> EXERCISE OBJECTIVE: Working from the records below, return word for word the line that contains "Blue Canyon Anti-Bacterial" and each line after it, ending with the last. Skip all pictures.

Web page caption snippets:
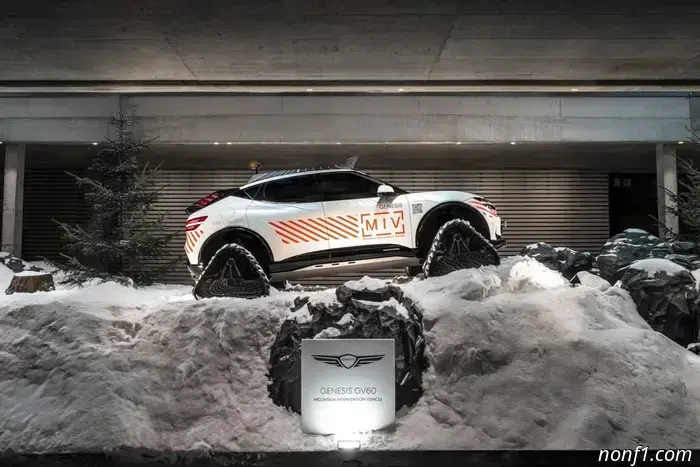 Genesis Equipped a GV60 with Snow Treads Since It's Awesome, Alright?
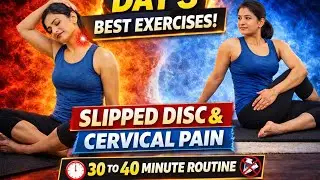 Best exercises slipped disc and cervical pain relief #3 #slippeddisc #cervical #youtubevideo #viral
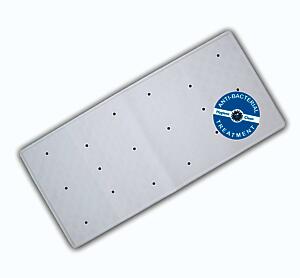 Blue Canyon Anti-Bacterial Rubber Bath Mat - White (34 X 74Cm)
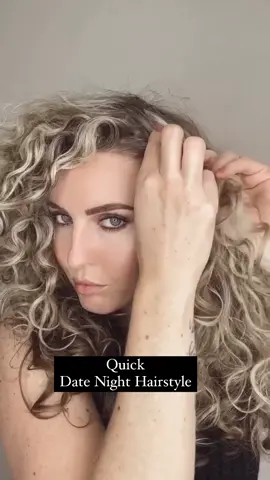 Quick Date Night Hairstyle  Tag a friend that needs to try it 👇  #easyhairstyles #quickhairstyles #hair #curly #curlyhairstyles #explorepage #viral #fy #hairstyle #twisthairstyle #curlygirl #wavyhair #krullen #curlycommunity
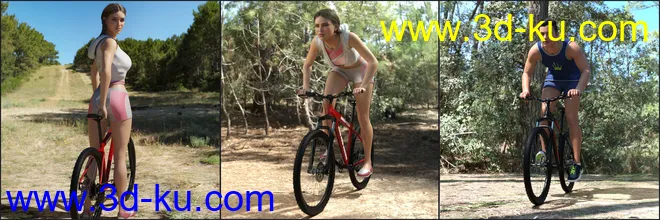 Z Mountain Bicycle and Poses for Genesis 3 and 8模型的图片5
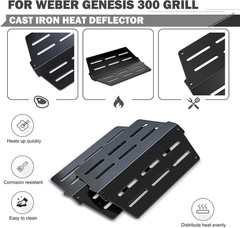 Genesis E310 Grill Replacement Parts 7621 Flavorizer Bars Parts 7524 Grill Grate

> RESPONSE:
 Blue Canyon Anti-Bacterial Rubber Bath Mat - White (34 X 74Cm)
 Quick Date Night Hairstyle  Tag a friend that needs to try it 👇  #easyhairstyles #quickhairstyles #hair #curly #curlyhairstyles #explorepage #viral #fy #hairstyle #twisthairstyle #curlygirl #wavyhair #krullen #curlycommunity
 Z Mountain Bicycle and Poses for Genesis 3 and 8模型的图片5
 Genesis E310 Grill Replacement Parts 7621 Flavorizer Bars Parts 7524 Grill Grate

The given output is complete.